## Aim of the task
Transcribe all the entries word for word, but omit the images.

## Information supplied
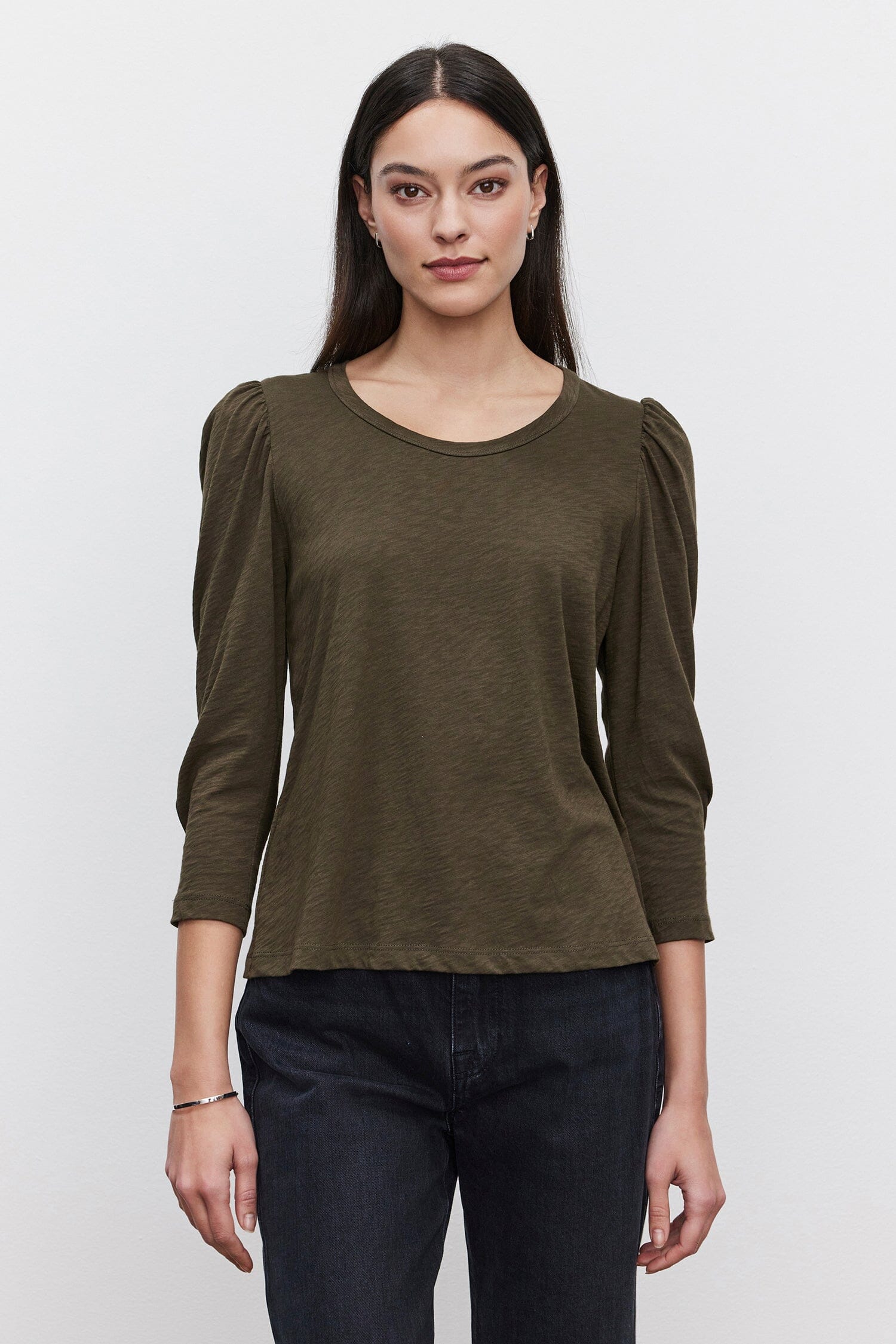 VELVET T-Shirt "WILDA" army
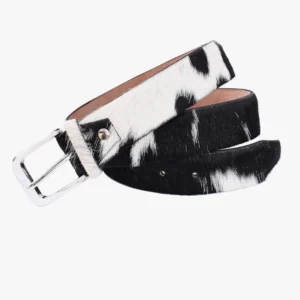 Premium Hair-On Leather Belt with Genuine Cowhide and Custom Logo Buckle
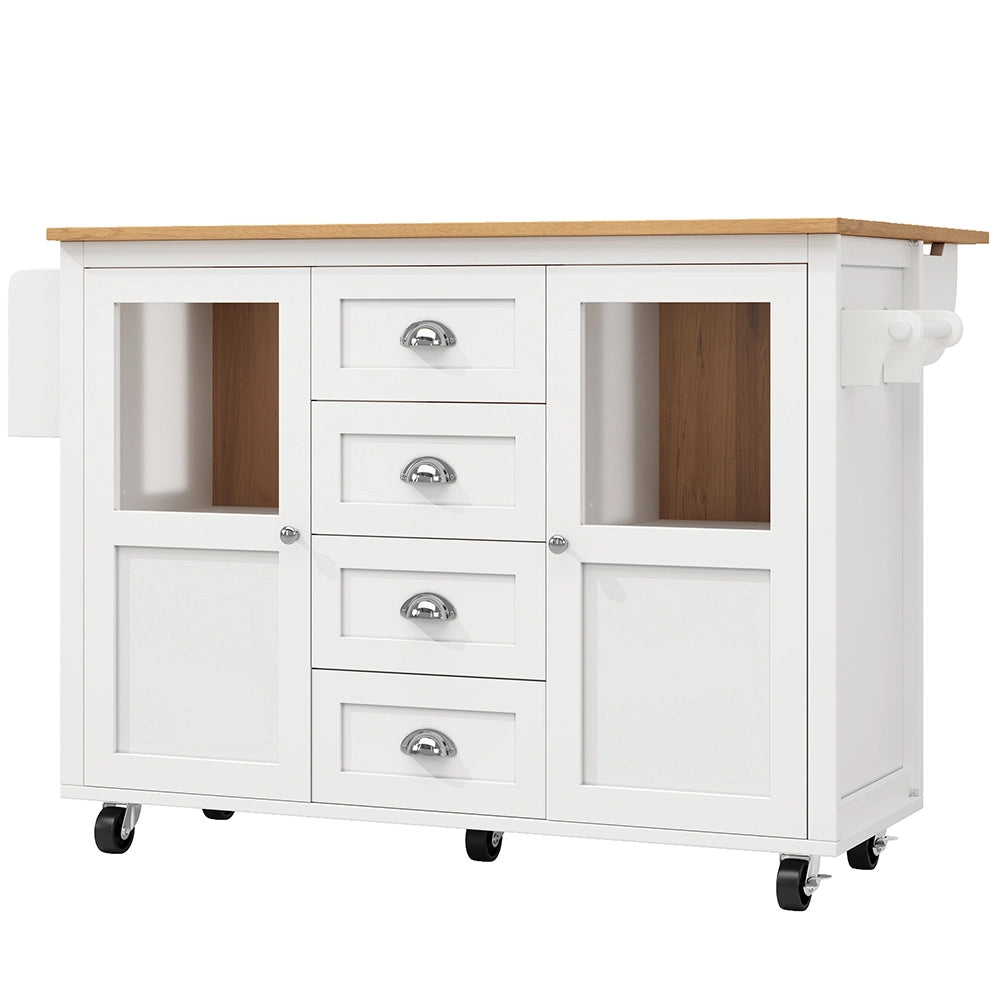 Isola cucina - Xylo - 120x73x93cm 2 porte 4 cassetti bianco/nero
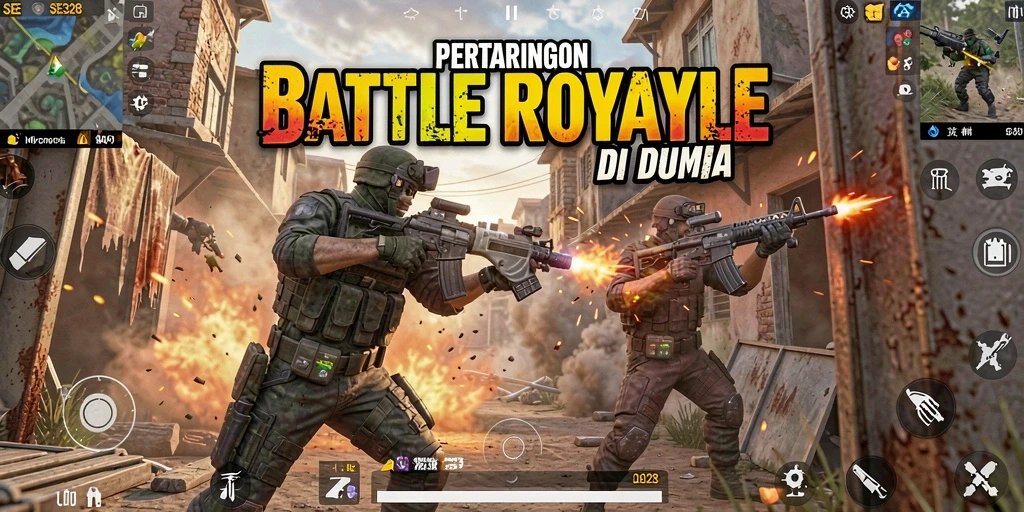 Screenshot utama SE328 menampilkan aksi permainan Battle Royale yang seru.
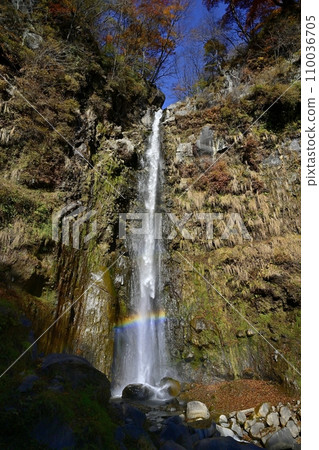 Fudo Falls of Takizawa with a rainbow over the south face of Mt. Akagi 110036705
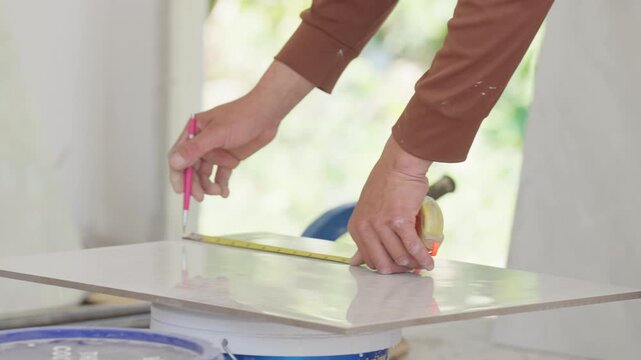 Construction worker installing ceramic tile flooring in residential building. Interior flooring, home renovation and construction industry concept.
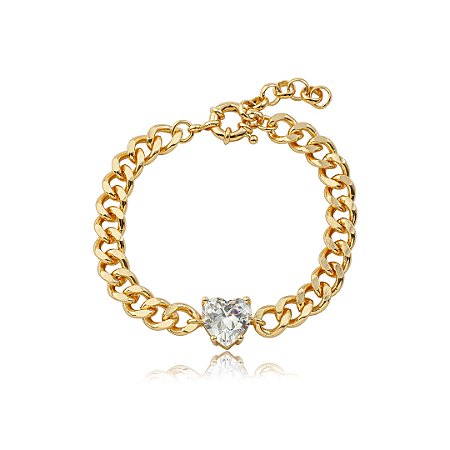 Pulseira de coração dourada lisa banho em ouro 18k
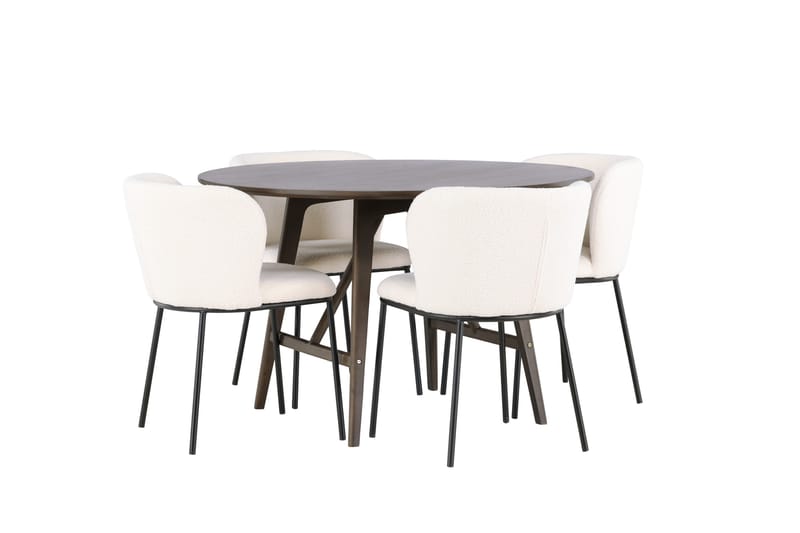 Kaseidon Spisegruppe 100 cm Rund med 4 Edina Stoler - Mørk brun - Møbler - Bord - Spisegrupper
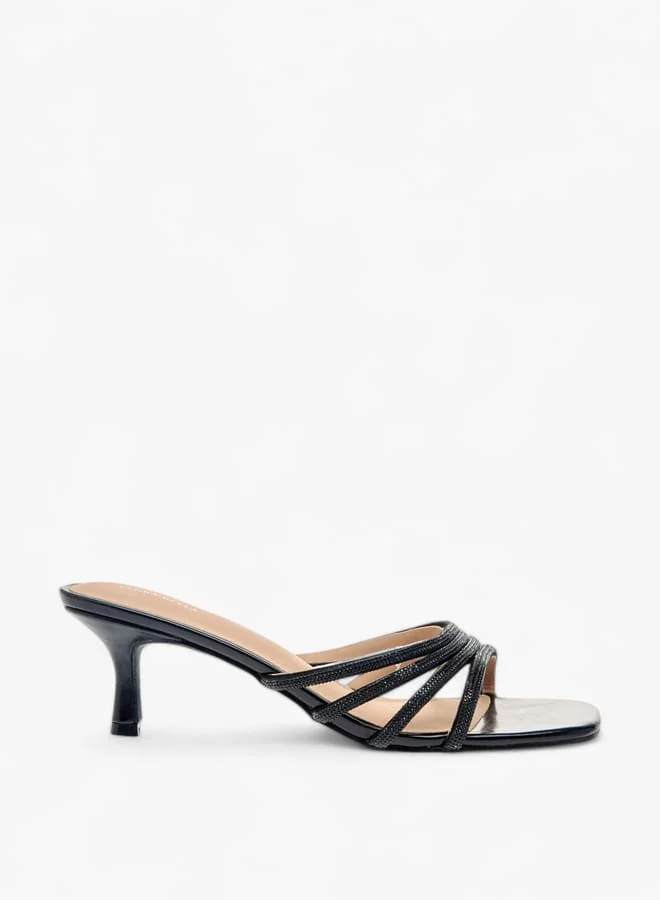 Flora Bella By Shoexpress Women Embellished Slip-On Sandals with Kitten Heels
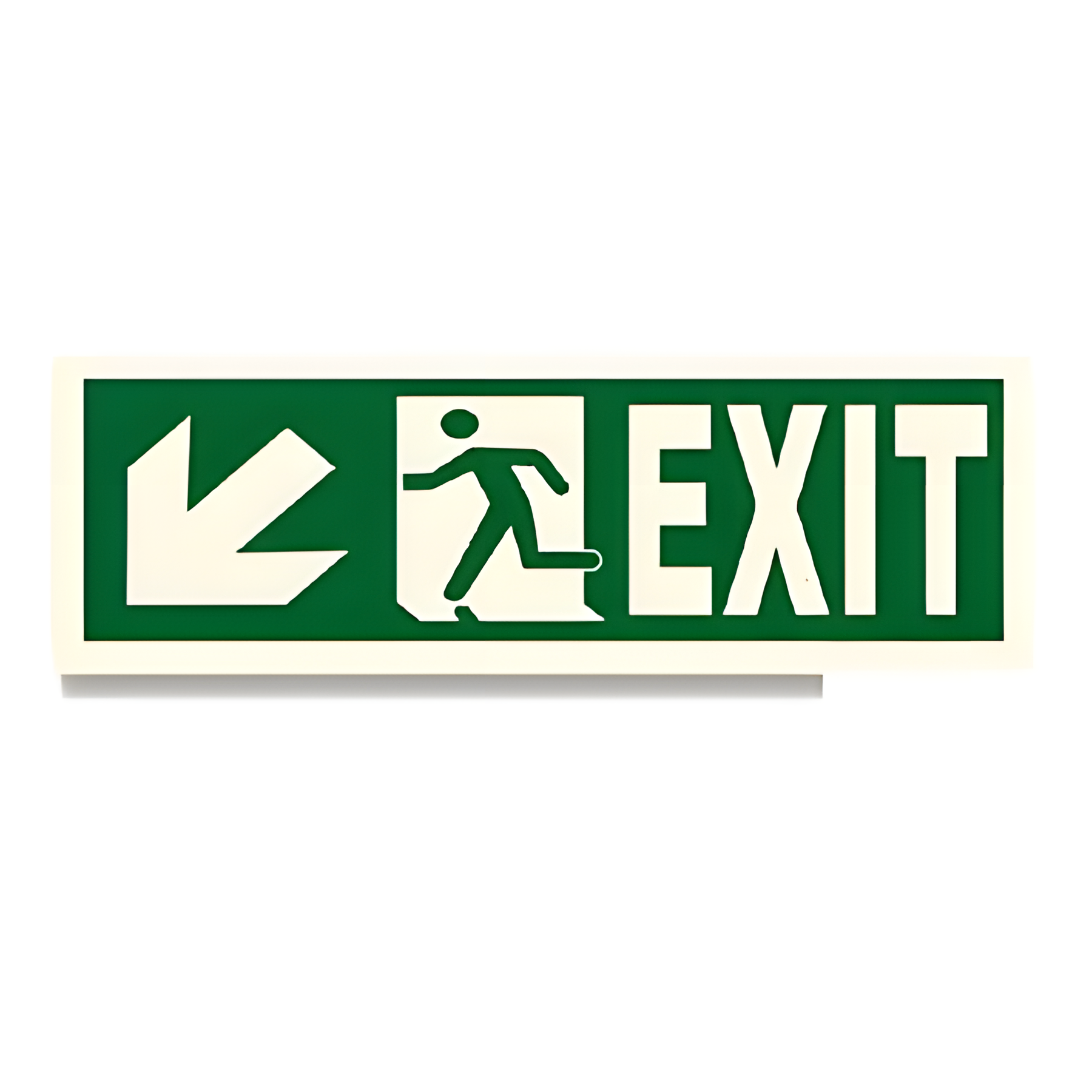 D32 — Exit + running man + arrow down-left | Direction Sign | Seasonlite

## Answer to the exercise
 VELVET T-Shirt "WILDA" army
 Premium Hair-On Leather Belt with Genuine Cowhide and Custom Logo Buckle
 Isola cucina - Xylo - 120x73x93cm 2 porte 4 cassetti bianco/nero
 Screenshot utama SE328 menampilkan aksi permainan Battle Royale yang seru.
 Fudo Falls of Takizawa with a rainbow over the south face of Mt. Akagi 110036705
 Construction worker installing ceramic tile flooring in residential building. Interior flooring, home renovation and construction industry concept.
 Pulseira de coração dourada lisa banho em ouro 18k
 Kaseidon Spisegruppe 100 cm Rund med 4 Edina Stoler - Mørk brun - Møbler - Bord - Spisegrupper
 Flora Bella By Shoexpress Women Embellished Slip-On Sandals with Kitten Heels
 D32 — Exit + running man + arrow down-left | Direction Sign | Seasonlite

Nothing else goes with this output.